* Records shown:
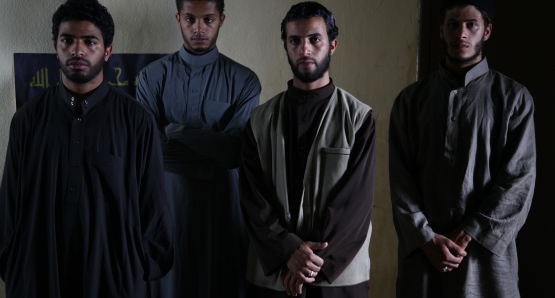 Left to right: Abdelhakim Rachid as Yachine, Hamza Souidek as Nabil, Ahmed El Idrissi Amrani as Fouad, and Abdelilah Rachid as Hamid.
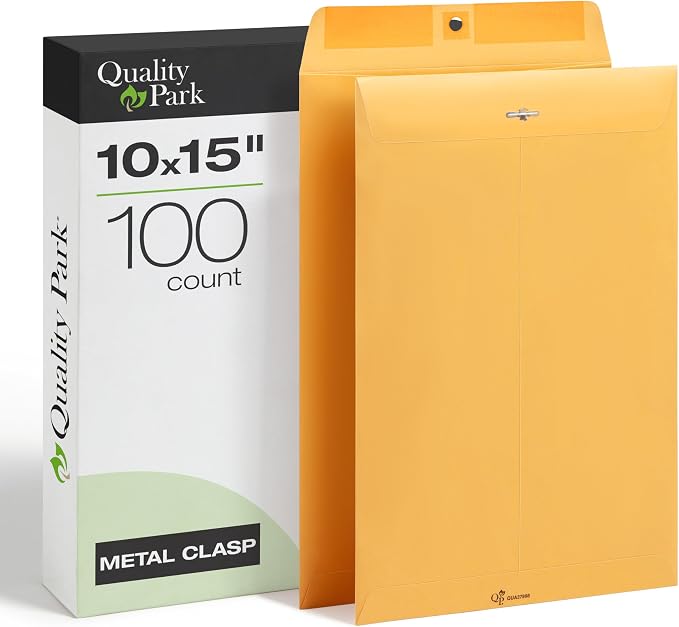 Quality Park Clasp Envelopes, Brown Kraft, 10 x 15 inches, Box of 100 (37898)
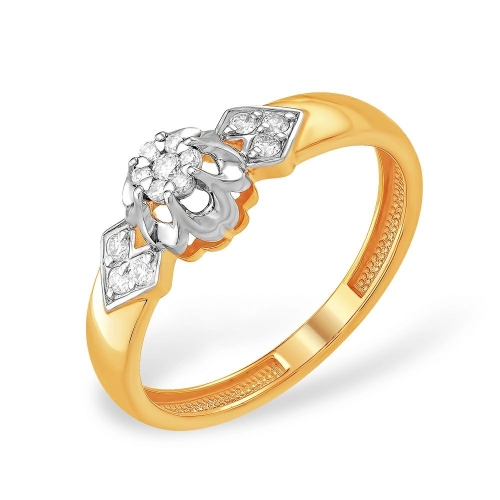 Кольцо из красного золота 585 с 13  бриллиантами, 0,086 карат, розочка, малинка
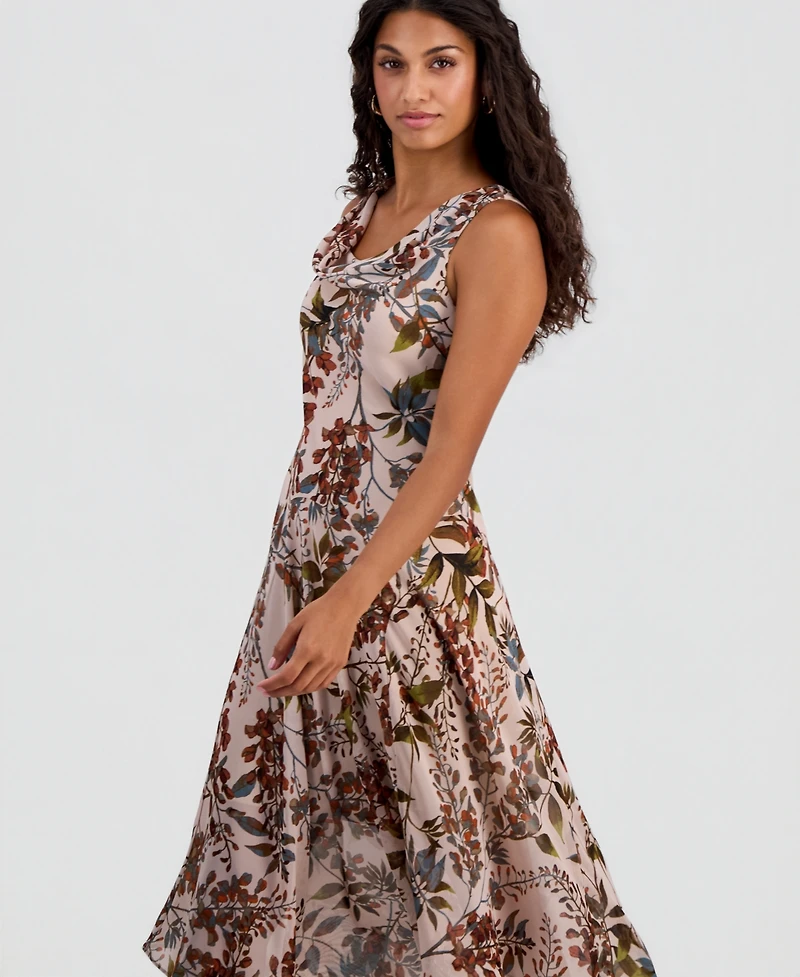 Robbie Bee Petite Printed Chiffon Drape-Neck Midi Dress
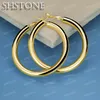 SHSTONE 18 Karat Gold 50 mm große runde Ohrringe für Frauen, Party, Hochzeit, Bankett, Modeschmuck, 925er Sterlingsilber, Creolen, Geschenke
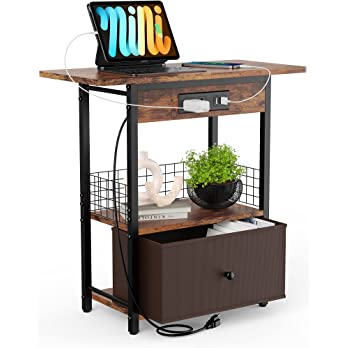          GiveBest End Table with Charging Station, Narrow Side Table with USB Ports and Outlets, Sofa Couch Table for Small Spaces, Slim Bedside Table Nightstand with Storage for Living Room Bedroom O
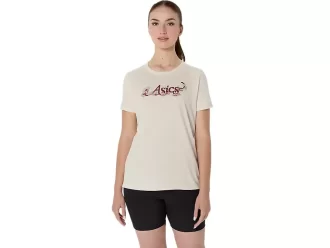 KADIN ASICS ÇİÇEKLİ SLOGANLI KISA KOLLU TİŞÖRT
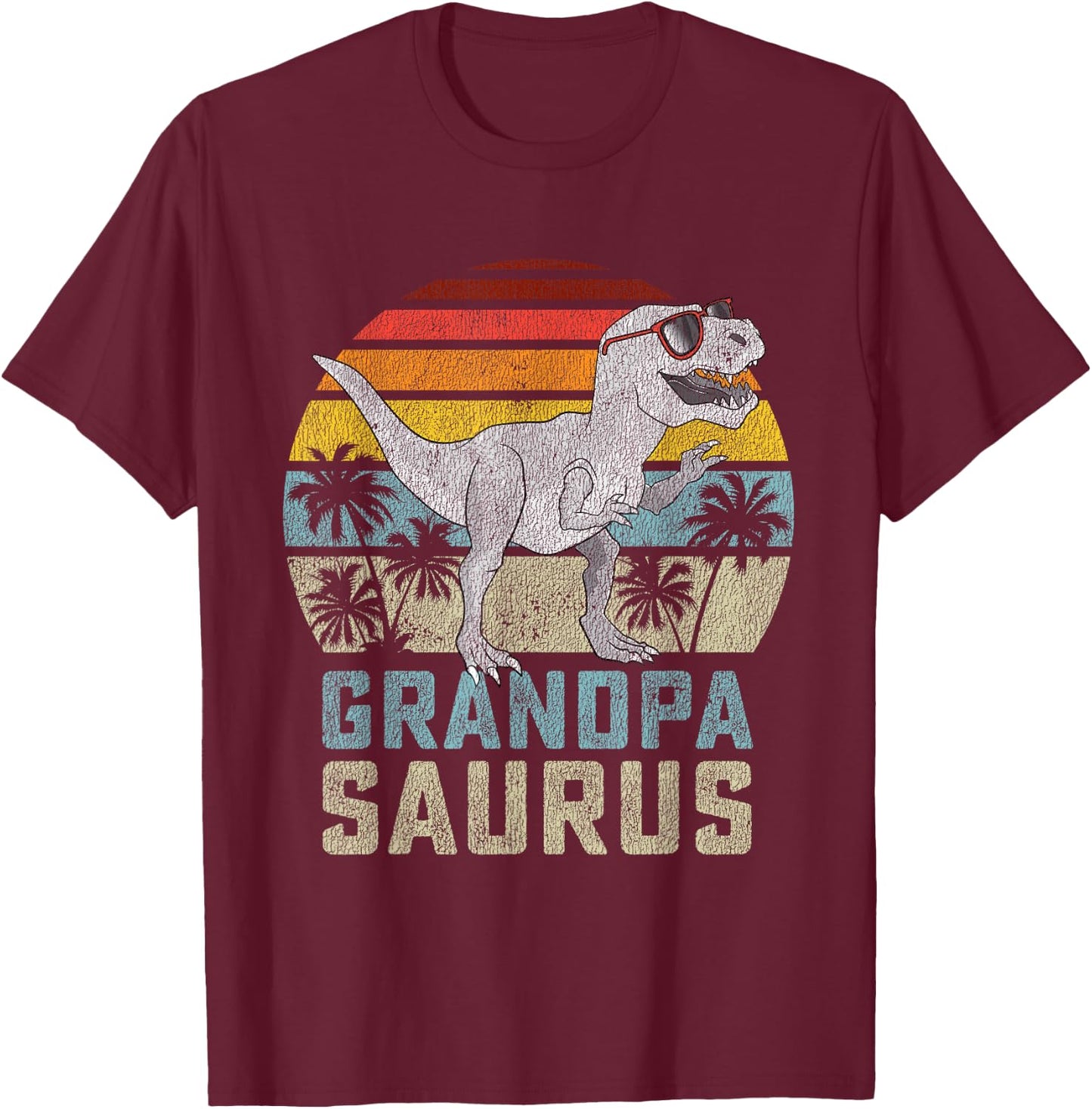 Grandpasaurus T Rex Dinosaur Grandpa Saurus Family Matching T-Shirt - T-Shirt | Maroon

* The task: Precisely those lines above that run from the line with "Quality Park Clasp" up to and including the line with "Robbie Bee Petite" are to be set down, with the pictures omitted.

* Result for this task:
 Quality Park Clasp Envelopes, Brown Kraft, 10 x 15 inches, Box of 100 (37898)
 Кольцо из красного золота 585 с 13  бриллиантами, 0,086 карат, розочка, малинка
 Robbie Bee Petite Printed Chiffon Drape-Neck Midi Dress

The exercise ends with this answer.